Commercial enterprise offerings Open source packages - Quarto, Shiny, and more

Parse and process XML (and HTML) with xml2

Hadley Wickham Headshot
Written by Hadley Wickham
2015-04-21
Screenshot of XML code

Please note that the information presented in this post reflects the package as it stood when initially released, and may now be outdated. For the most up-to-date information, kindly refer to https://xml2.r-lib.org/.

I’m pleased to announced that the first version of xml2 is now available on CRAN. Xml2 is a wrapper around the comprehensive libxml2 C library that makes it easier to work with XML and HTML in R:

  • Read XML and HTML with read_xml() and read_html().

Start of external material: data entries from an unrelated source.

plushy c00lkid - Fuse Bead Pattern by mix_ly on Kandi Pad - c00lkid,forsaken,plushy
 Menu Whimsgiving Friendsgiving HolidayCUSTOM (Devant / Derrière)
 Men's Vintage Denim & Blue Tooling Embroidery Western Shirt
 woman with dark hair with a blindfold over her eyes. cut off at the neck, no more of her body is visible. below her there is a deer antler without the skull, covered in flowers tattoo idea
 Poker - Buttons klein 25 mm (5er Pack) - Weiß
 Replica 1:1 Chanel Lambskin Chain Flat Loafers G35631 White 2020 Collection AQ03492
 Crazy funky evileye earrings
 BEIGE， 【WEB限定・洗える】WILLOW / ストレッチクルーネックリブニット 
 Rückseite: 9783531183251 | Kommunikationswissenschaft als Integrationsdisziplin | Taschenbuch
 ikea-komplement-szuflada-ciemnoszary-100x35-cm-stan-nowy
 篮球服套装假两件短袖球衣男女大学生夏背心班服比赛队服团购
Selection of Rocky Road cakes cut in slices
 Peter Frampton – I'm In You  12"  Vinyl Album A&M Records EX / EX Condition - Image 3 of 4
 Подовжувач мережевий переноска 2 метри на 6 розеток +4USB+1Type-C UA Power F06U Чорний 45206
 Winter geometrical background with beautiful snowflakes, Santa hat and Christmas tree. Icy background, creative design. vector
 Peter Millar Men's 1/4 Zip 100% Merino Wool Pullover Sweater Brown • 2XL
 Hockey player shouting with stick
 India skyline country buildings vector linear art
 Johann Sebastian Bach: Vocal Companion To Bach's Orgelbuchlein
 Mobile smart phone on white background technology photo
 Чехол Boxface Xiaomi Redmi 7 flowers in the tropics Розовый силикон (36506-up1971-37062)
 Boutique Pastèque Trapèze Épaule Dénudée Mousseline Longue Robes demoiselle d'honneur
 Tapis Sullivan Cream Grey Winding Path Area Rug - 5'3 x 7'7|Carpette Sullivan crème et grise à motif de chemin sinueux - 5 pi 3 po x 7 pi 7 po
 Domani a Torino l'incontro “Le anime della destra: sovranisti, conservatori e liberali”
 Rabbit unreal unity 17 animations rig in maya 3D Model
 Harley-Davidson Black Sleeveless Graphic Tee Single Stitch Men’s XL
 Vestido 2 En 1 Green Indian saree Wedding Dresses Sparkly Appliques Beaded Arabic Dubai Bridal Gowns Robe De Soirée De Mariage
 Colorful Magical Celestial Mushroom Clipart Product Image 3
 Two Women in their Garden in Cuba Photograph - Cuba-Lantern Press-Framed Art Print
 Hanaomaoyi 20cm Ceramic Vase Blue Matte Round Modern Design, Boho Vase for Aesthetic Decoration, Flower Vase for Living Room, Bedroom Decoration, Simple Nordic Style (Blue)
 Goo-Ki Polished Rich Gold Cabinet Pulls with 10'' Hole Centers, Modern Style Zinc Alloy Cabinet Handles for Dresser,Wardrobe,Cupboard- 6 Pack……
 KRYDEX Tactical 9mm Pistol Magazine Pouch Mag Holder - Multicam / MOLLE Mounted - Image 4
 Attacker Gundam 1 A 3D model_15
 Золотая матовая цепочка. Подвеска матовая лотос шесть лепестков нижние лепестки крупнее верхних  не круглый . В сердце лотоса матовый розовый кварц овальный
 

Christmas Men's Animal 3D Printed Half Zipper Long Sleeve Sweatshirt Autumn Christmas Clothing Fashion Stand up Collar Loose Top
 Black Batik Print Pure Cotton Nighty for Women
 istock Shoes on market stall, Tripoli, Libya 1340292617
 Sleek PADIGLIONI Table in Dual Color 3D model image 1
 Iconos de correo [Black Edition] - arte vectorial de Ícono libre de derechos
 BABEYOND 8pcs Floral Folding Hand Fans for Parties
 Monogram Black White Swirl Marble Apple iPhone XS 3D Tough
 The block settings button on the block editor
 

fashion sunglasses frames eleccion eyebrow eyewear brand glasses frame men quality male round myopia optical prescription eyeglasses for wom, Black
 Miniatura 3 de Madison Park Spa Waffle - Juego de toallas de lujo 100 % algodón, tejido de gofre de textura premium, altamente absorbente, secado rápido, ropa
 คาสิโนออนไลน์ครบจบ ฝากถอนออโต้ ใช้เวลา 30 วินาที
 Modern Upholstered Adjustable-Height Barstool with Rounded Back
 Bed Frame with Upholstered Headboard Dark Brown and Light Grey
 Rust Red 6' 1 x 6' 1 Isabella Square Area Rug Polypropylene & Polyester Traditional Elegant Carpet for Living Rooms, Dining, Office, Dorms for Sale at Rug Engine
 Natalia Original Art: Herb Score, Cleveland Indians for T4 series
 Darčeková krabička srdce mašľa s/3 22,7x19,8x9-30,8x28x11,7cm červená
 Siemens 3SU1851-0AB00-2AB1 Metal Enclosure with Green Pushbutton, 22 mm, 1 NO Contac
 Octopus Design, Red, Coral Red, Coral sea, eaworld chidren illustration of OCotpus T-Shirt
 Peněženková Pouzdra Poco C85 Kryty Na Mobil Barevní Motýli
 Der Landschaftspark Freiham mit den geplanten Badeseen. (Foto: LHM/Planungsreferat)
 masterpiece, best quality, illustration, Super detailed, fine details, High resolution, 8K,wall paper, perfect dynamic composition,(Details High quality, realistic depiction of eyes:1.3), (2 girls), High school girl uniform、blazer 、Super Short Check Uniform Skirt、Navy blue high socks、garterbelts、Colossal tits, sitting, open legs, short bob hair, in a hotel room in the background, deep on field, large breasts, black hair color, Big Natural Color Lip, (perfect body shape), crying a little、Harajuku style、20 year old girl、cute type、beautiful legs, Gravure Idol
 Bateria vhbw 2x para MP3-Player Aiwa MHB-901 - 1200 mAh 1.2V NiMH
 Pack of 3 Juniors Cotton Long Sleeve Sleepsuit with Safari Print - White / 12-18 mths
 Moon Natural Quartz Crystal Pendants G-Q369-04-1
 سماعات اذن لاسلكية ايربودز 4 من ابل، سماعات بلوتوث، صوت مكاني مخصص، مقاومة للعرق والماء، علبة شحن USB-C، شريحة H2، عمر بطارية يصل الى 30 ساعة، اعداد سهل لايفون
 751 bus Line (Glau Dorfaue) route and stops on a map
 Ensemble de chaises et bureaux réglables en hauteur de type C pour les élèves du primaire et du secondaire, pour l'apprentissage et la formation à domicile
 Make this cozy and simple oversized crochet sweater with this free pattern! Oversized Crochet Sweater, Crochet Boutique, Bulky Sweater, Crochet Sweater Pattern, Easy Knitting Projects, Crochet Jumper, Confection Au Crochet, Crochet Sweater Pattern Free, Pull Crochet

  • Navigate the tree with xml_children(), xml_siblings() and xml_parent(). Alternatively, use xpath to jump directly to the nodes you’re interested in with xml_find_one() and xml_find_all(). Get the full path to a node with xml_path().

  • Extract various components of a node with xml_text(), xml_attrs(), xml_attr(), and xml_name().

  • Convert to list with as_list().

  • Where appropriate, functions support namespaces with a global url -> prefix lookup table. See xml_ns() for more details.

  • Convert relative urls to absolute with url_absolute(), and transform in the opposite direction with url_relative(). Escape and unescape special characters with url_escape() and url_unescape().

  • Support for modifying and creating xml documents in planned in a future version.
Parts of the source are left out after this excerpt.